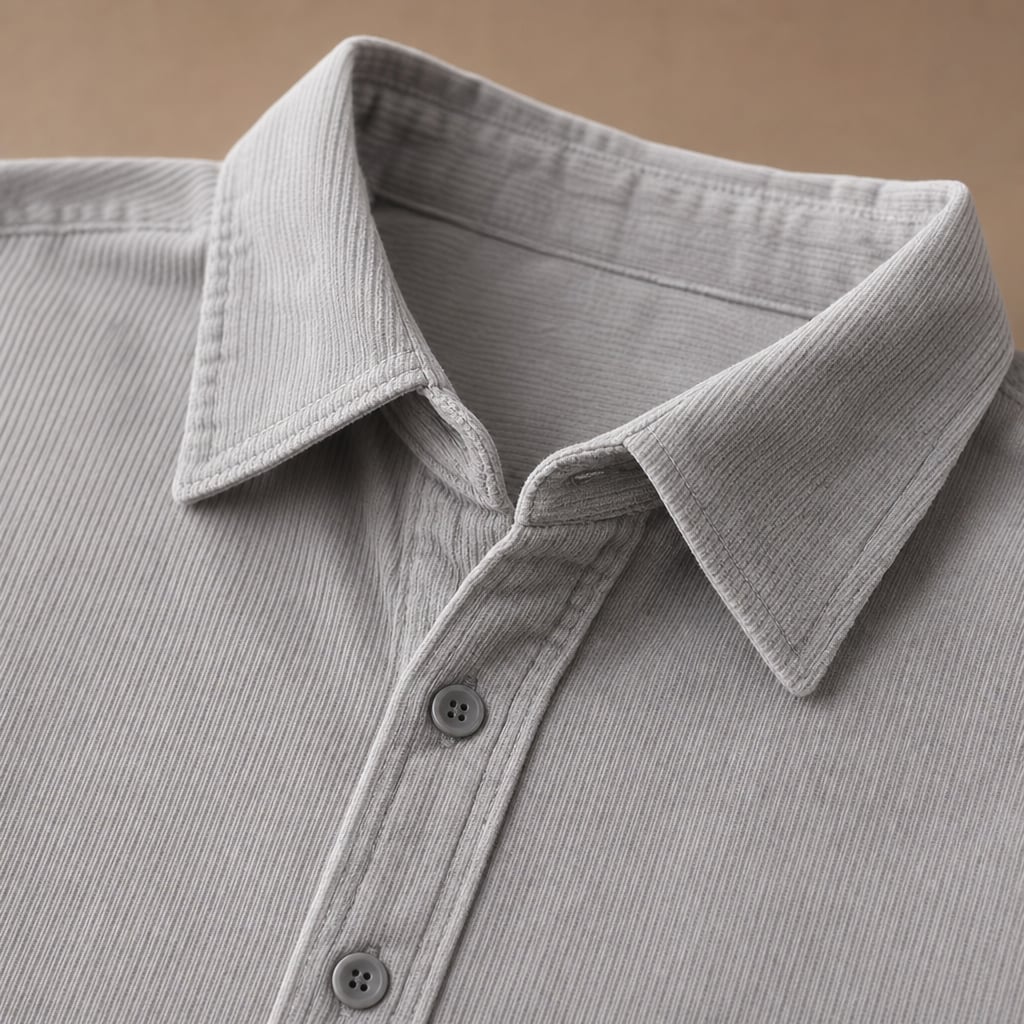 Corduroy-Style Ribbed Button-Front Shirt Long Sleeve Pointed Collar Light Gray – Fabric and Detail Close-Up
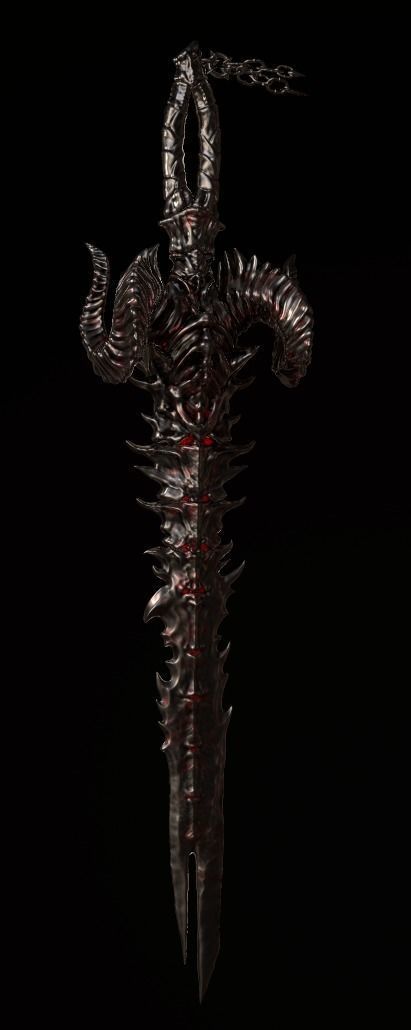 demonic sword  3D print model_9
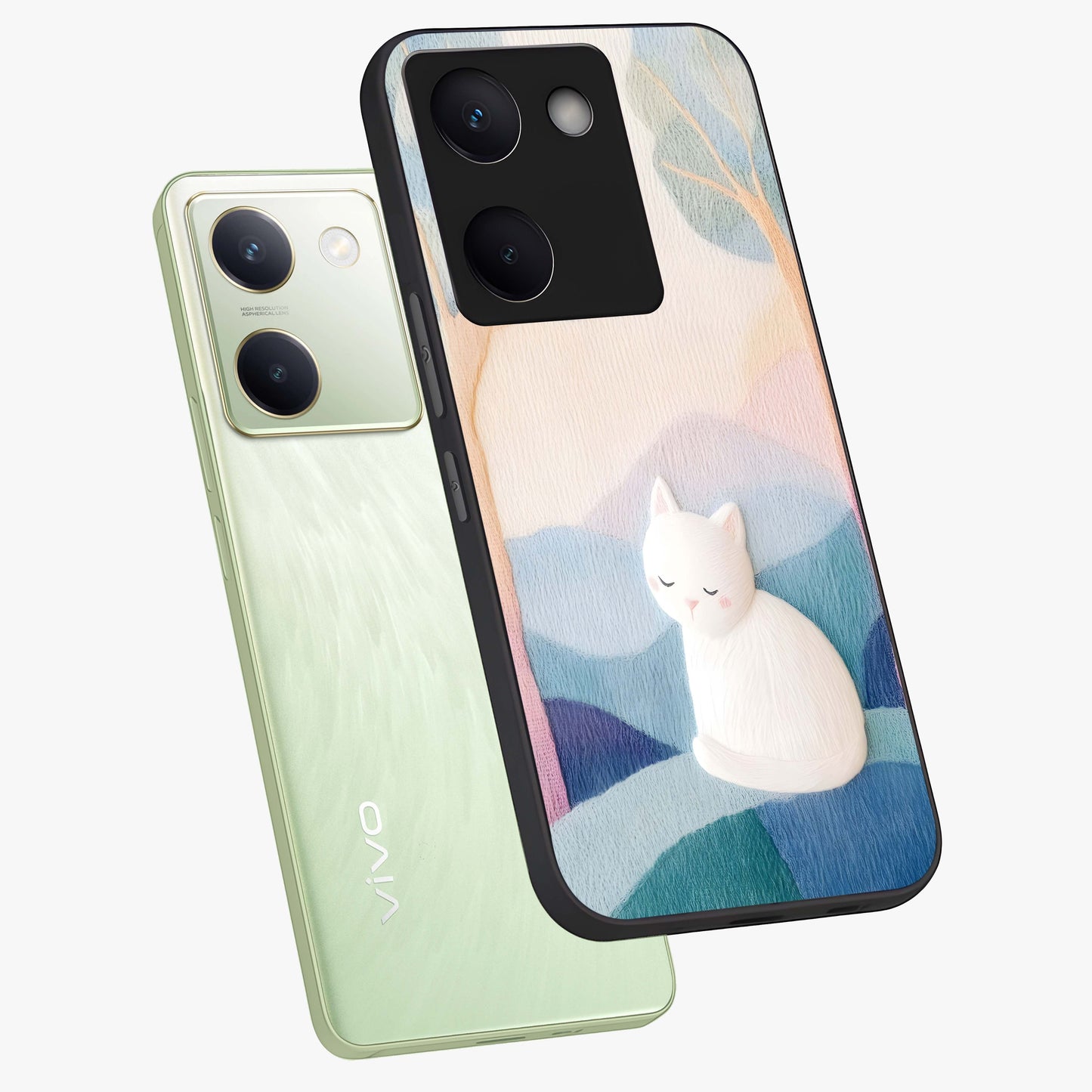 Cotton Dream Cat Glass Case displayed in angled mockup highlighting cute feline illustration with pastel aesthetic style.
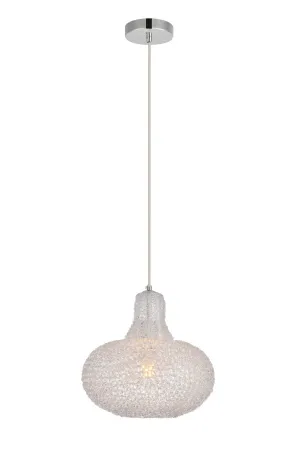 ZC121-LDPD2060 - Living District: Finola Collection Pendant D11.8 H12.6 Lt:1 Chrome and Clear Finish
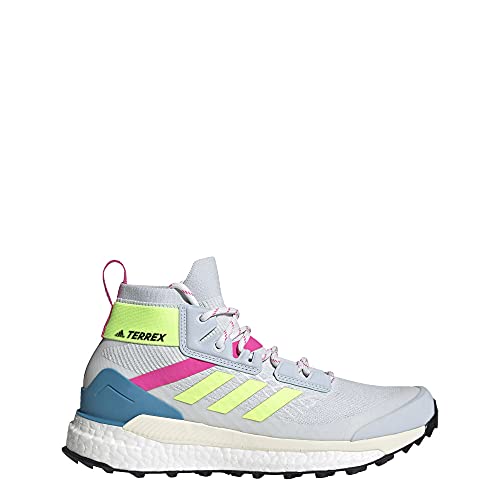 adidas Women's Terrex Free Hiker Primeblue Hiking Shoe, Halo Blue/Yellow/Screaming Pink - 9.5 M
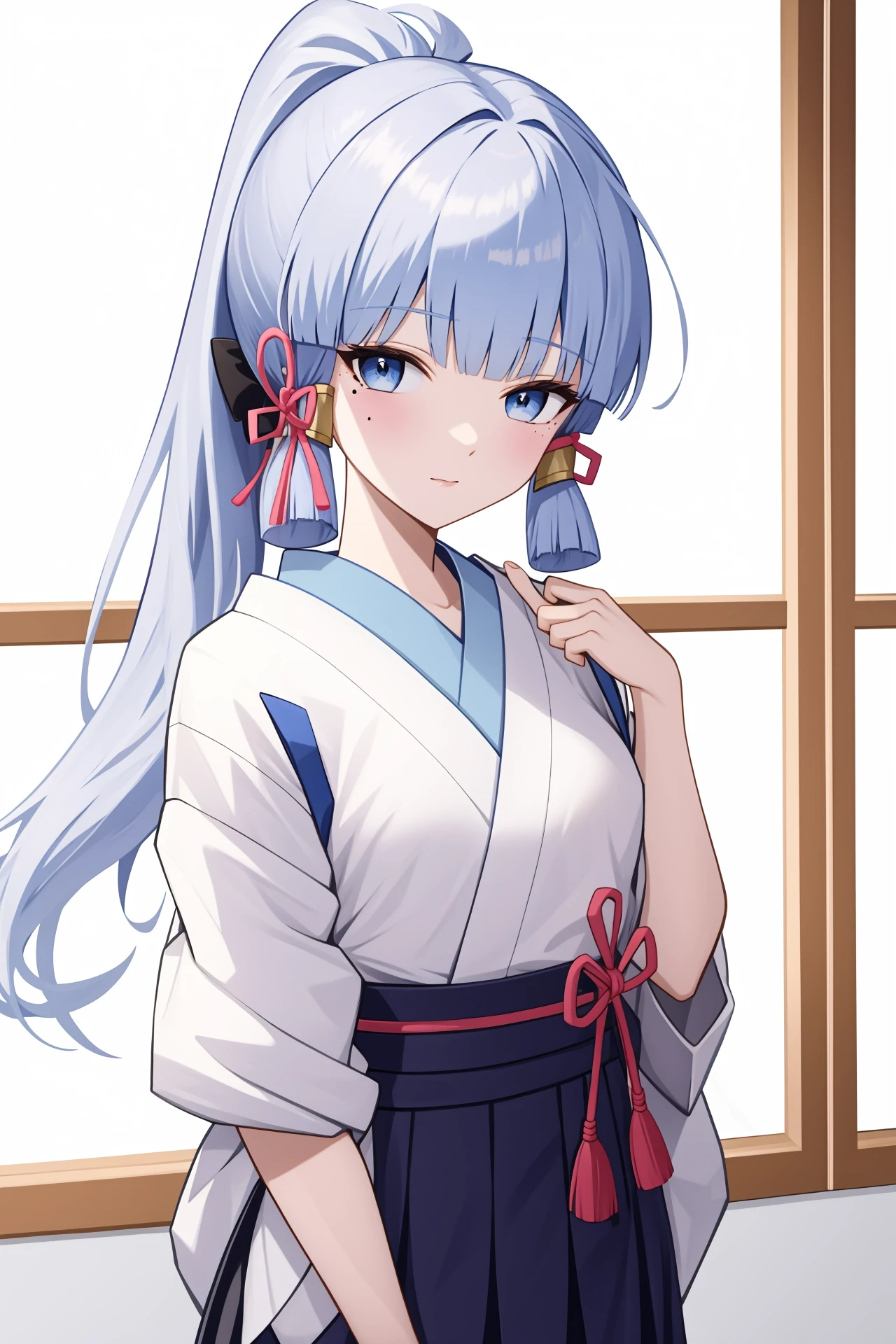 <lora:ç¥éåéæ:1:lbw=char>,kamisato ayaka,bangs,long hair,ponytail,ribbon,blunt bangs,hair ribbon,blue eyes,blue hair,japanese clothes,skirt,kimono,sidelocks,hakama,mole under eye,, 1girl,
, (masterpiece,best quality:1.2),absurdres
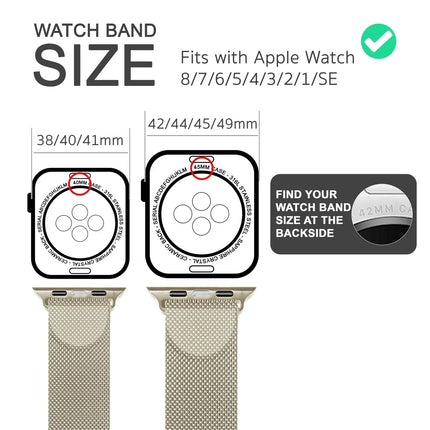 Milanaise Metall Armband für Apple Watch SE/8/7/6/5/4/3/2/1, 38/40/41mm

Exercise requirements —
Those lines of the records above that run from the one containing "3D print model_9" through the one containing "adidas Women's Terrex" should be returned exactly, with no pictures among them.

Task output —
 demonic sword  3D print model_9
 Cotton Dream Cat Glass Case displayed in angled mockup highlighting cute feline illustration with pastel aesthetic style.
 ZC121-LDPD2060 - Living District: Finola Collection Pendant D11.8 H12.6 Lt:1 Chrome and Clear Finish
 adidas Women's Terrex Free Hiker Primeblue Hiking Shoe, Halo Blue/Yellow/Screaming Pink - 9.5 M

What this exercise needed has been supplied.